There are two issues. One is that opponents simply have not scored against USC in the first half, because to date, the Trojans have allowed a grand total of 13 points. That does not bode well for Utah.
The second is the Utes inability to score rushing touchdowns — only three paydirt trips all season, and two were by backup QB Travis Wilson.
Add to that fact USC’s stinginess to allow touchdowns on the ground, period, having only allowed three in 2012 — and you would think a minimal rushing attack from Utah could take place in the first half of the game.
The good news is that the Trojan run defense is not impenetrable; in fact the Stanford Cardinal rushed for over 200 yards against a front that includes defensive linemen Morgan Breslin, George Uko and Leonard Williams — all of whom will be playing on Sundays and who have 12.5 sacks between them.

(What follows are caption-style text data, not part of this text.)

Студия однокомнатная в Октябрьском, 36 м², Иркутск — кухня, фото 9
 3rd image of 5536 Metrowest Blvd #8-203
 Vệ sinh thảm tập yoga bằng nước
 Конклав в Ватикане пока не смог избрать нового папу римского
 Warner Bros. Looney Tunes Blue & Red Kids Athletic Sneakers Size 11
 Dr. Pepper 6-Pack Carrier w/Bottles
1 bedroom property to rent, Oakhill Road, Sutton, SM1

So it is possible to run on USC, and John White — and possibly York — will get their chance to shine for the 13-point underdogs.
And so, it brings us to the Utes passing game, another area where the Trojan defense has been somewhat vulnerable, allowing 230 yards per contest.
Jon Hays has been steady but never spectacular in 2012, which was also the scouting report on him last year. The senior transfer from Division II Nebraska-Omaha, who throws for about 155 yards per game — also isn’t turnover prone, throwing just one interception this year.
Against a USC secondary that has eight already, Hays will likely not test his luck with the Trojans and safety T.J. McDonald.
He will probably choose to throw what is more comfortable to him, the short and intermediate routes to his favorite targets, tight end Jake Murphy and wide receiver DeVonte Christopher, to throw off defenders’ scents.
The issue there, however, is that relying on those crossing routes will force the Trojan defense to stack the box and brings us right back to the much-maligned Utah running game.
That’s right; the only chance the Utes may have for success on Thursday comes from an anemic offense that hasn’t proven much — and the same can be said for their defense.
That said, Utah will have two things behind it. One is the crowd, which will probably be almost all decked out in crimson fans and the second is that the Utes know how to play big in big games.
The Utes proved they could stay on the field last year against a USC team on probation, with nothing to play for except pride — fighting, scratching and clawing until the final play.
“Each year is its own separate entity and own set of circumstances, but going down there and having a good showing last year, although we came up short, could be a positive for us,” said Whittingham.
This year, however, the stakes are higher. USC has many NFL-caliber players on its roster — while Utah has a handful. The Trojans are expected to compete for a national championship and a slip-up against Utah would end their already dimmed hopes.
What it all adds up to, is that the Utes offense must play the best it has all season — when few believe it can be done, and when nobody outside of Utah thinks it’s remotely possible.